Content starts

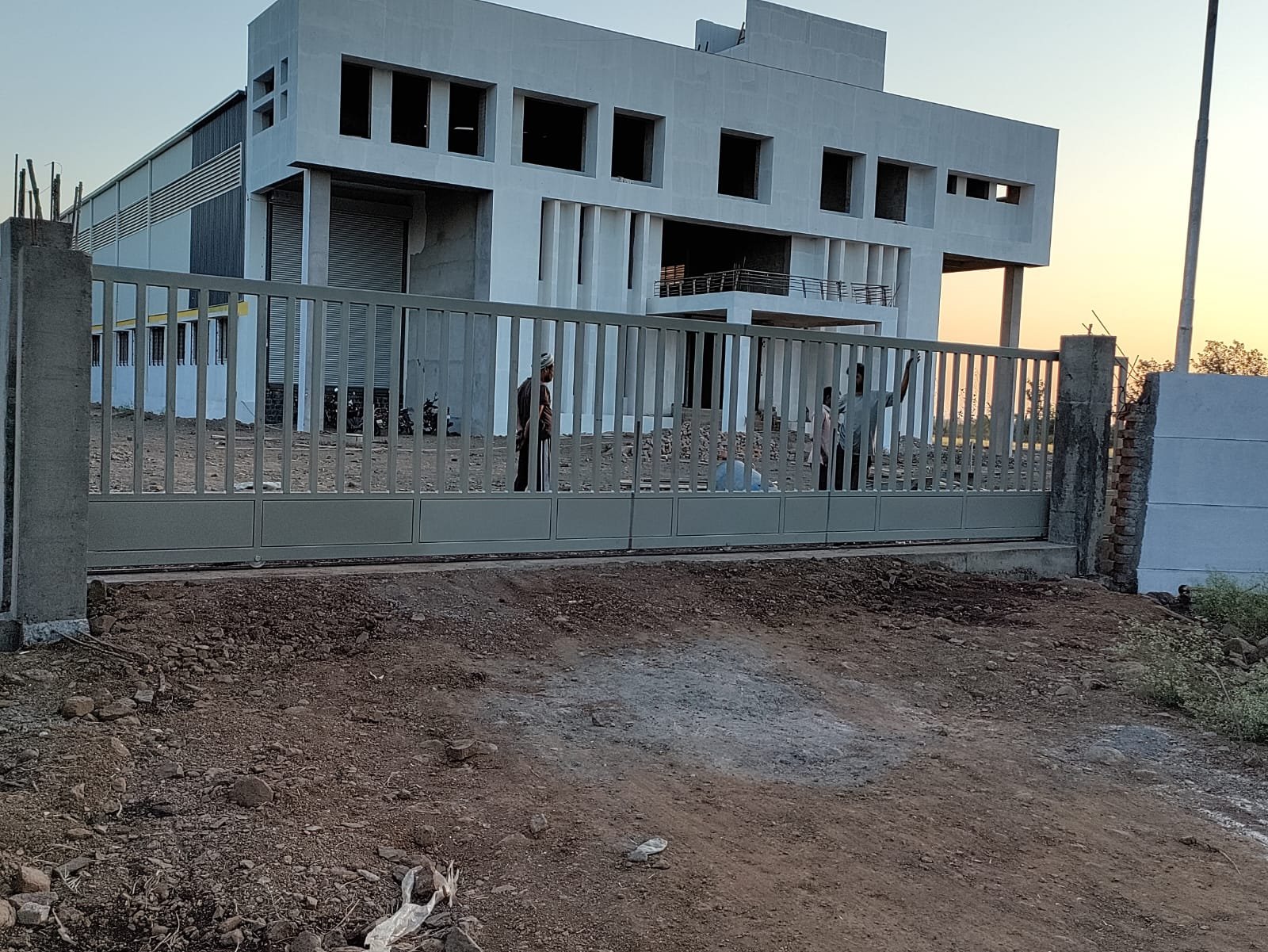 WhatsApp-Image-2026-01-08-at-12.17.44-PM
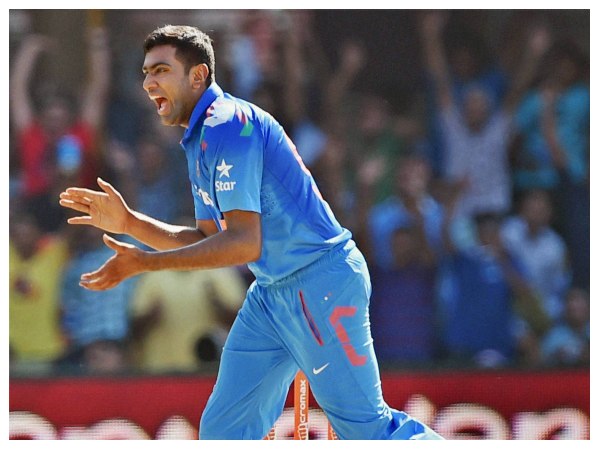 ಟಿ20ಯಲ್ಲಿ ವಿಕೆಟ್ ಕಬಳಿಸುವುದೇ ಮುಖ್ಯ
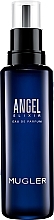 Düfte, Parfümerie und Kosmetik Mugler Angel Elixir - Eau de Parfum (Refill)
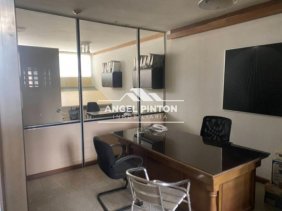 Local en Venta en  Maracaibo, Zulia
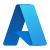 Azure Active Directory Premium P2 CFQ7TTC0LFK5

Content ends

> _TASK DIRECTIONS_
Counting both ends, reproduce word for word the lines from the line with "Local en Venta" to the final line of the listing above, skipping every picture.

> _OUTPUT BELOW_
 Local en Venta en  Maracaibo, Zulia
 Azure Active Directory Premium P2 CFQ7TTC0LFK5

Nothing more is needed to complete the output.